Shareholders who attended last week's annual general meeting of KLM Royal Dutch Airlines hoping to hear about the company's merger talks with British Airways went away disappointed. CEO Leo van Wijk discussed KLM's quarterly results, the Airbus A3XX superjumbo and even his efforts to learn Italian during his company's failed alliance with Alitalia. But on an eventual Anglo-Dutch union he said only that he was "cautiously optimistic."
The problem lies with regulators on both sides of the Atlantic. That's no surprise since the merger would create the world's biggest airline in terms of sales. The main hurdle is the restrictive bilateral aviation treaties that have long held the international airline industry in a time warp. These agreements still vest route rights in national carriers, require airlines to be majority-owned by home-country nationals, and in some cases can specify frequency of flights and even veto fare cuts.
U.S. and British airline regulators each have something the other wants, but isn't likely to get without an effective bargaining chip. The U.S. wants BA to hand over some of its lucrative slots at Heathrow, out of which only two of its airlines, United and American, currently operate. The U.K. wants the U.S. to give up some of its protectionist practices, such as limiting foreign ownership of its airlines to 25% and reserving internal services for U.S. carriers.

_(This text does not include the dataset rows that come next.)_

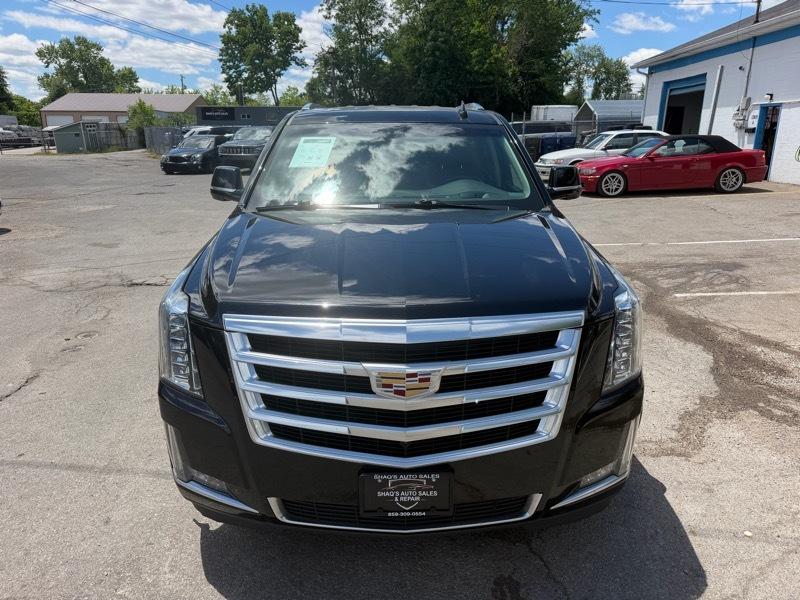 cadillac escalade 2015 1GYS4MKJ7FR564382 image cadillac escalade 2015 1GYS4MKJ7FR564382 image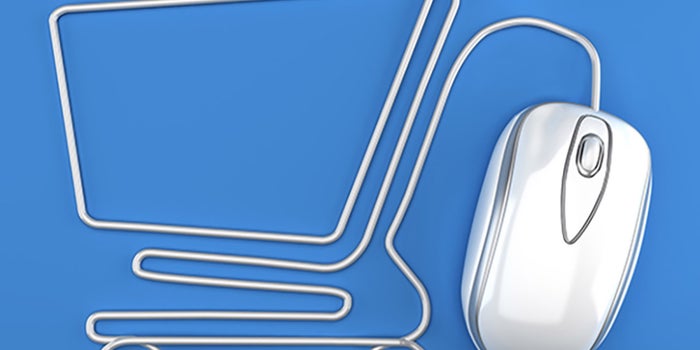 Tips para mejorar la usabilidad de tu tienda virtual
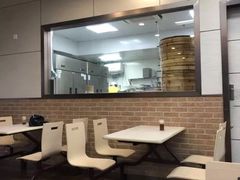 -新丰小吃(江陵路分店)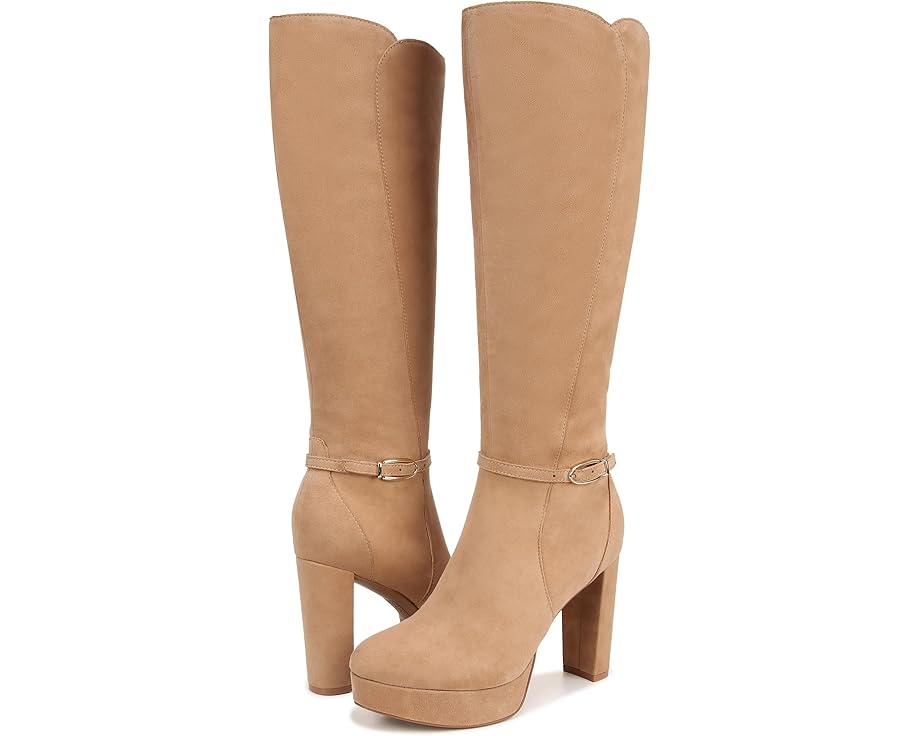 6pm Naturalizer Fenna Women's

The proposed BA-KLM merger may strengthen Washington's hand in next month's negotiations for an "open skies" agreement. Dorothy Robyn, a senior White House official, spelled out the consequences of a failure to break the impasse in no uncertain terms in June, saying that if BA takes over KLM, under the terms of the old treaty "KLM will immediately lose the benefits of the U.S.-Netherlands open skies agreement." That means the merged entity couldn't necessarily use KLM slots at U.S airports.

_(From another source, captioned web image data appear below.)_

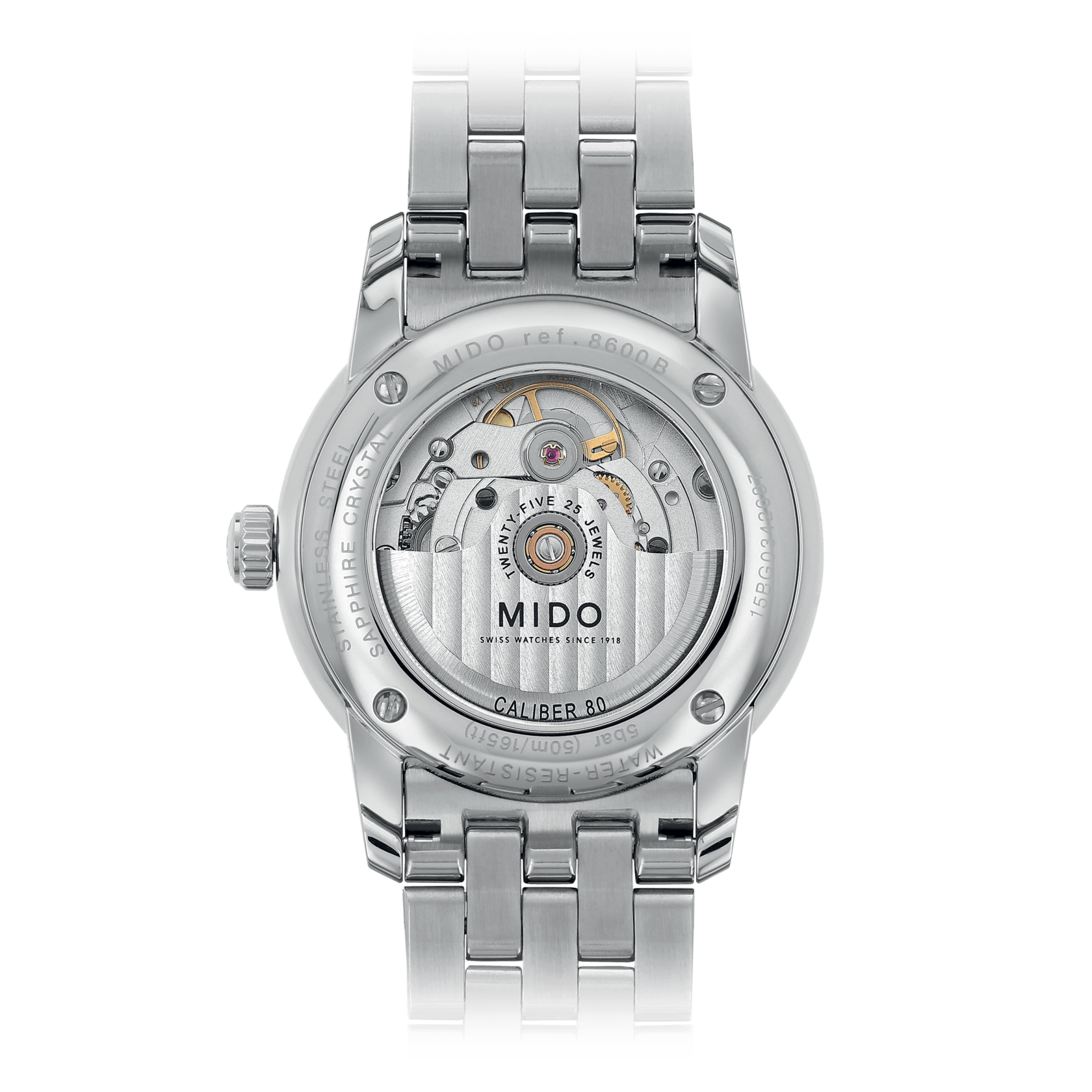 M8600.4.15.1_1_back_1_1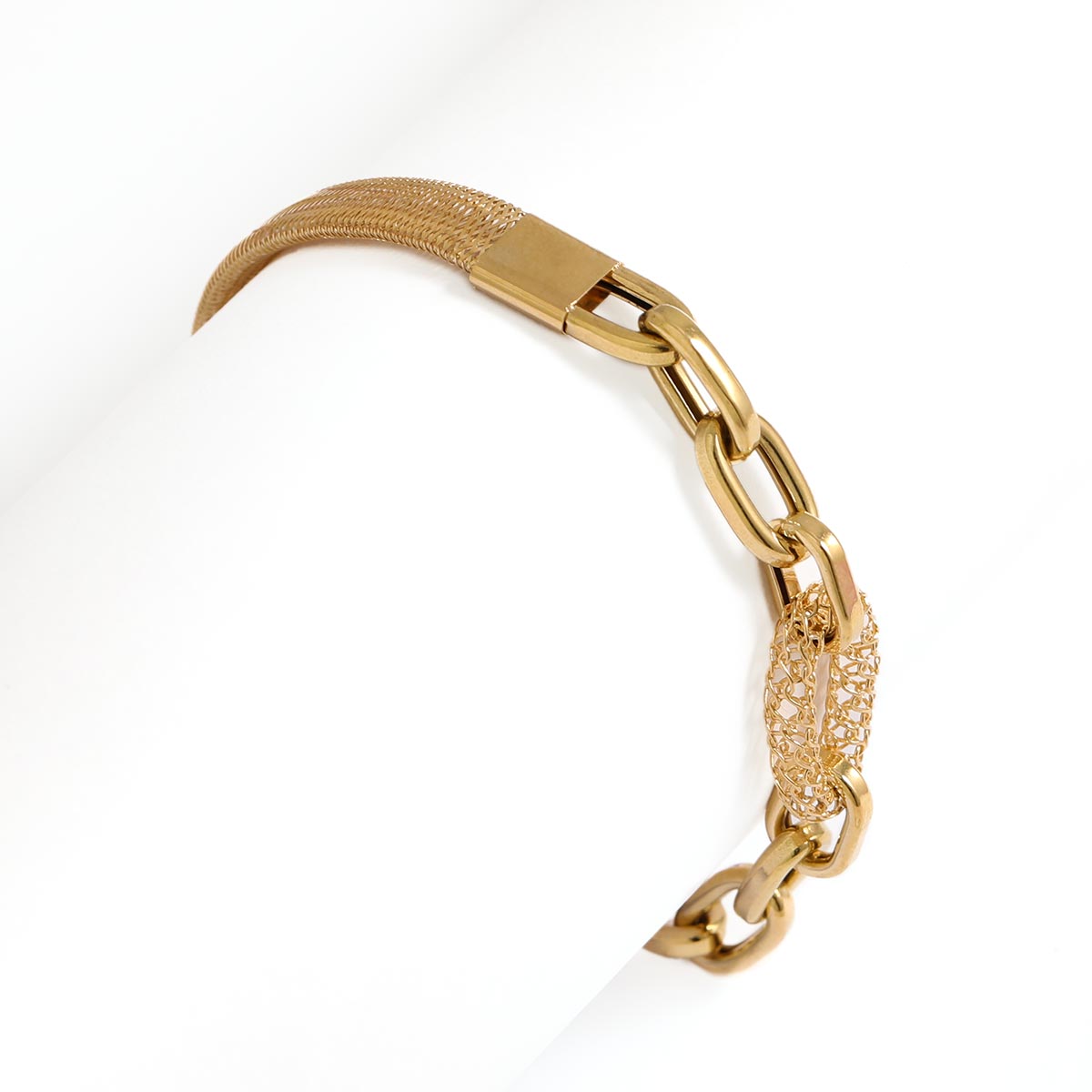 دستبند هالو اکسترا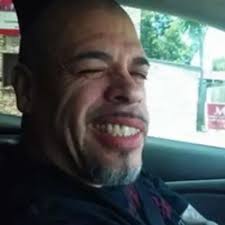 Obituary information for Michael Dale Gonzales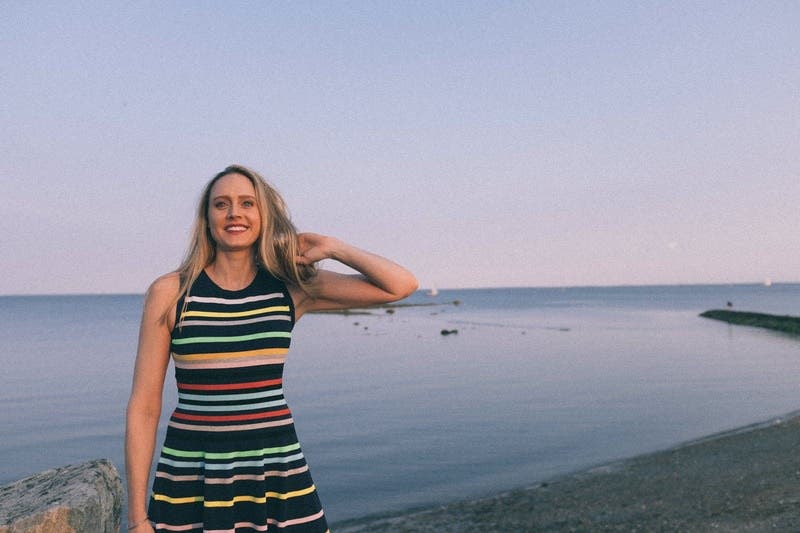 review thumbnail images 5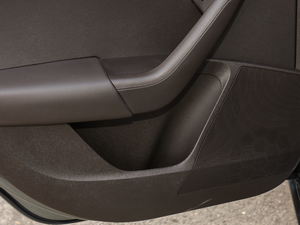 2019TSI280 DSGŞ VI g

That tough stance could prove harder to overcome than opposition from the European Commission, says Andrew Light, aviation analyst at Schroder Salomon Smith Barney in London. Brussels may insist that some slots at Heathrow be offered to competitors, that the carriers' discount operations — BA's Go and KLM's Buzz — be spun off and that some transatlantic routes be carved up. Yet the Commission would "like to get things done," says Light, whereas "the U.S. authorities are not predisposed to approve any merger within Europe." They may not be able to block the deal, but their opposition could mean that the first-ever transnational airline merger will have to wait up to two years to be cleared for takeoff.